Bothalia: African Biodiversity & Conservation (Jan 2019)
Hitchhikers’ guide to the legal context of protected area management plans in South Africa
Abstract
Background: Although formal protected areas in South Africa date back to the turn of the 19th century, requirements for protected area management plans only became mandatory a century later. Prior to the promulgation of the World Heritage Convention Act 49 in 1999, and subsequently the National Environmental Management: Protected Areas Act 57 in 2003, requirements for management plans were voluntary, and guidance to the plan’s content was fragmented across an array of international, national and provincial policy instruments. Objectives: As there has been little academic debate on the relevance and content of protected area management plans, an improved understanding of these plans, and the role they play in biodiversity conservation, is required.
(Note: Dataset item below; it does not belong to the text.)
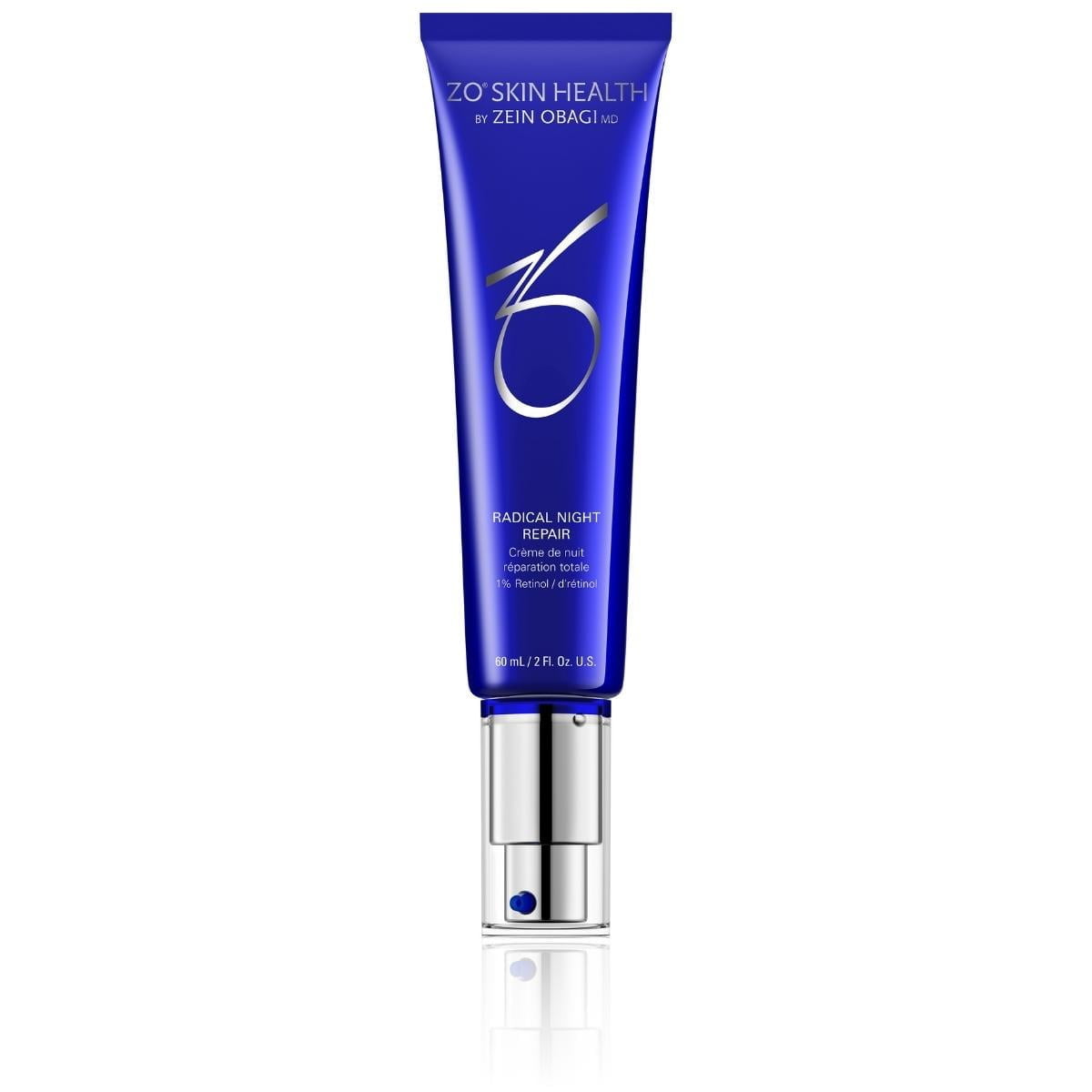 Radical Night Repair 60ml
Method: This article explores the evolution of the management plan, revisiting its historical and current legal context at international and national scales. Results: Despite being the principal legislative framework for management plans, the World Heritage Convention Act and the National Environmental Management Protected Area Act did not consolidate the plethora of management plan requirements, and hence did not bring clarity when these conflicted or were ambiguous. Conclusion: Legal provisions for management plans are highly fragmented. This risks plans not being complete, falling short of the requirement to ensure that protected areas fulfil the purpose for which they were established. A consolidation of relevant provisions, as well as emerging best practices is recommended. This may require the revision of South Africa’s environmental law, to provide greater clarity on the contemporary understanding of the contribution of protected areas to conservation and the well-being of people (viz. the ‘purpose’).